Monday, July 13, 2009

Saying of the Desert Christians: Gentleness 8


While abba Macarius was praying in his cave in the desert, a hyena suddenly appeared and began to lick his feet and taking him gently by the hem of his tunic, she drew him towards her own cave. He followed her, saying, "I wonder what this animal wants me to do?" When she had led him to her cave, she went in and brought her cubs which had been born blind. He prayed over them and returned them to the hyena with their sight healed. She in turn, by way of thank offering, brought the man the huge skin of a ram and laid it at his feet. He smiled at her as if at a kind person and taking the skin spread it under him.

Some thoughts

I would call this hagiography except for the witness of a neighbor of a friend. The neighbor attempted to befriend a very beautiful, pregnant but feral young cat. She would accept food but would bolt if he came nearer to her than she liked. He never could get near to her. She gave birth in a woodsy area near the house. When her kittens were old enough to be weaned, she brought them to the man and one by one laid them at his feet and darted back into the woods.

What strikes me is that in both anecdotes, the mother is concerned enough for her young that she seeks the aid of a human being. The hyena and the cat are wild animals. But there is something about the spirits of these two men that encourage the mothers to trust them.

Hyenas are unlovely animals with unlovely habits. Cats are delicate and clean and teach their young to be cleans. I am struck by the attitude Macarius demonstrates. One of his fellow creatures sought him out, created by God just as Macarius had been. Macarius treats the hyena as an equal, as fully deserving as any human. Macarius makes no distinction between worthiness or not, all he sees is the needs and to that he responds.


  • At 3:13 PM, Blogger MikeF said…

    What wonderful stories... I knew the abba Macarius one already, but your contemporary parallel is just beautiful - moved me literally to tears!
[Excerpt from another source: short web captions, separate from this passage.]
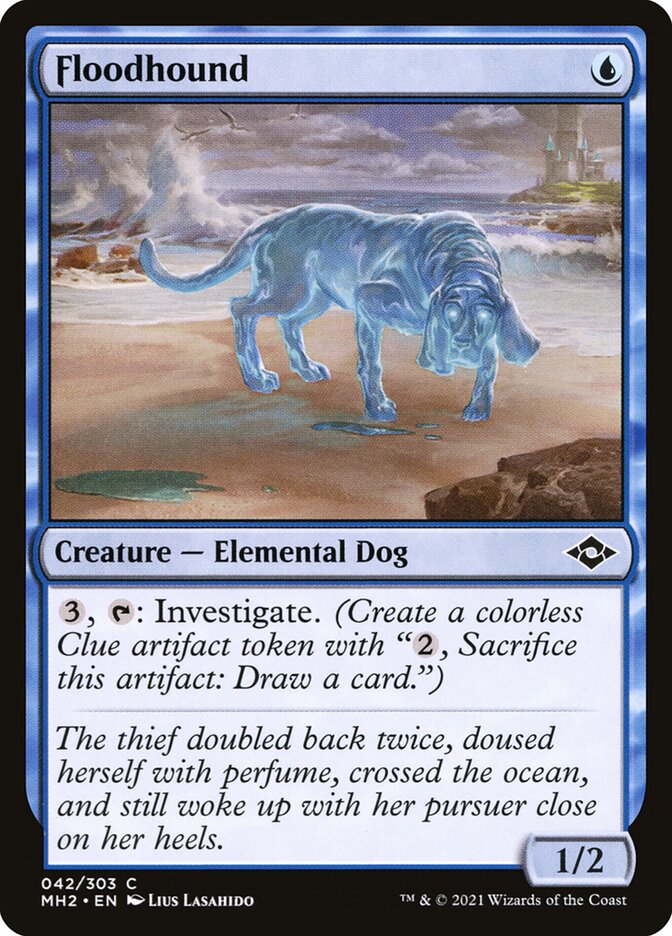 Floodhound - carta Magic The Gathering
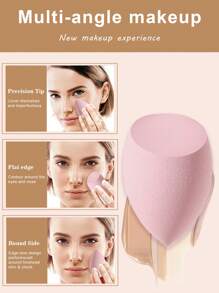 4/7/20/27件套化妆工具套装，包含：4个化妆海绵+4个迷你化妆海绵+4个三角粉扑+4个迷你气垫粉扑+1个发圈+2个手碗挂绳+1个化妆刷清洁工具+2个洁面海绵+4个气垫粉扑+1个洗鼻刷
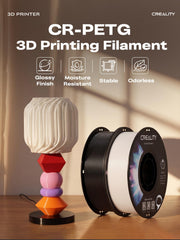Creality PETG surface close-up showing glossy texture and sharp detail for polished prints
    Thank you so much for sharing this. Our relations with the animals are far more significant in the life of faith than most of us ever realise.
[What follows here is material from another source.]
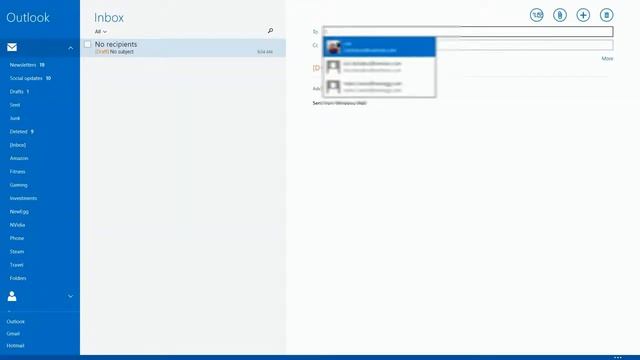 Windows 8 1 Mail Edit Autocomplete Email Addresses смотреть онлайн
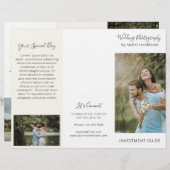 Elegant ivoorfotografie Zakelijke brochure (Voorkant / Achterkant)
  • At 7:57 PM, Blogger Gloriamarie Amalfitano said…

    Dear Mike,

    Thank you for your comment. I so completely agree with you about animals and the life of faith. I would swear on a stack of Bibles that my 3 cats pray with me. I say "time for Morning Prayer" or which ever office and they gather around and sit at my feet while I pray the office, read the lessons.

    I have no idea who said animals have no souls... Augustine or Aquinas is what I think. Who ever said it was wrong, IMO

  • At 12:16 AM, Blogger MikeF said…

    I absolutely agree about cats. I had a little cat called Figgy (she died this March, at a great old age) who used to curl around my Office book on the desk, and pray with me like that, never moving or interfering...

    I remember when I first heard about animals "having no souls" I searched Scripture in distress for some adequate basis for the claim. There is none.

    I love the fact that St. Francis addressed the animals as sister and brother... Do you know the beautiful imaginative reconstruction of the Wolf of Gubbio incident in Murray Bodo's The Journey and the Dream?